The Ghana Education Service (GES) has unveiled the nation’s first-ever unified prospectus for Senior High and Technical Schools.
The invention, known by the code name “National Prospectus,” is intended to remove any doubt about the prerequisites for new students for all aspiring first-year students.
In line with the new plan, parents won’t have to wait for the Computerized School Selection and Placement System (CSSPS) to launch before they can shop for their kids; instead, all schools must follow the national prospectus and not impose any additional items beyond what is officially prescribed.
To make things easier for parents, the national prospectus is divided into categories such as cleaning supplies and necessities.
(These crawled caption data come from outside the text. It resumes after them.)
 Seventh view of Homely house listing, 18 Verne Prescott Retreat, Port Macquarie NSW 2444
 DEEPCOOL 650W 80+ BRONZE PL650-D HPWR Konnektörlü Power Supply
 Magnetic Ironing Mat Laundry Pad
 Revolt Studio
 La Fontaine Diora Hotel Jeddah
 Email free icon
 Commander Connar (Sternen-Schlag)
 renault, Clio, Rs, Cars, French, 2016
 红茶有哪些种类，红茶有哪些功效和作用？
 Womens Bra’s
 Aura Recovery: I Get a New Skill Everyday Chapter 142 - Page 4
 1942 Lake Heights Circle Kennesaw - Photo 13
Category ‘A’ covers basic items such as hard body suitcase or trunk, chop box or hard plastic container, toiletries, beddings, a pair of footwear (school specific), underwears, cutlery, and other educational materials such as mathematical set and scientific calculator, among others.
The second category includes, detergents, sanitary and cleaning materials such as liquid soap, hand gloves, washing powder, bleach and cleaning materials such as brooms, standing mob, mob bucket, and a scrubbing brush.
Briefing the Daily Graphic in an exclusive interview, the Director-General of the GES, Dr Eric Nkansah, explained that the move was to help parents to buy the items way before the release of the Computerised School Selection and Placement System (CSSPS).
He said once parents knew the items their children would require, they could start buying them now while waiting for the placement and added, “for me, that is the joy”.
The harmonised prospectus, Dr Nkansah said, was necessary to eliminate items that schools could do without and also ensure that schools did not include such items and use same as a barrier to the timely enrolment of students.
The Director-General also advised schools not to admit students based on their ability to procure all the items, but urged parents to try and procure the items as outlined in the prospectus, “because we have reduced the list to the barest minimum.”
He said the cost of the items in the prospectus was within the reach of all parents and was convinced that the situation where parents spent a fortune on prospectus belonged to the past.
Dr Nkansah observed that previously, some schools were rigid with prospectus, insisting that until the last item was bought, the student would not be admitted.
He, therefore, appealed to heads of senior high schools to be considerate in that regard.
The national prospectus was put together by a committee made up of representatives from the GES, Free SHS Secretariat, TVET Service, with the Conference of Heads of Government Assisted Secondary Schools (CHASS) also making an input.
He said the GES acknowledged the role of CHASS in the operation of second cycle schools, “and that is why their input in the national prospectus is so crucial”.
He advised the students to ensure that all personal items were embossed or embroidered with their names to avoid getting their items stolen.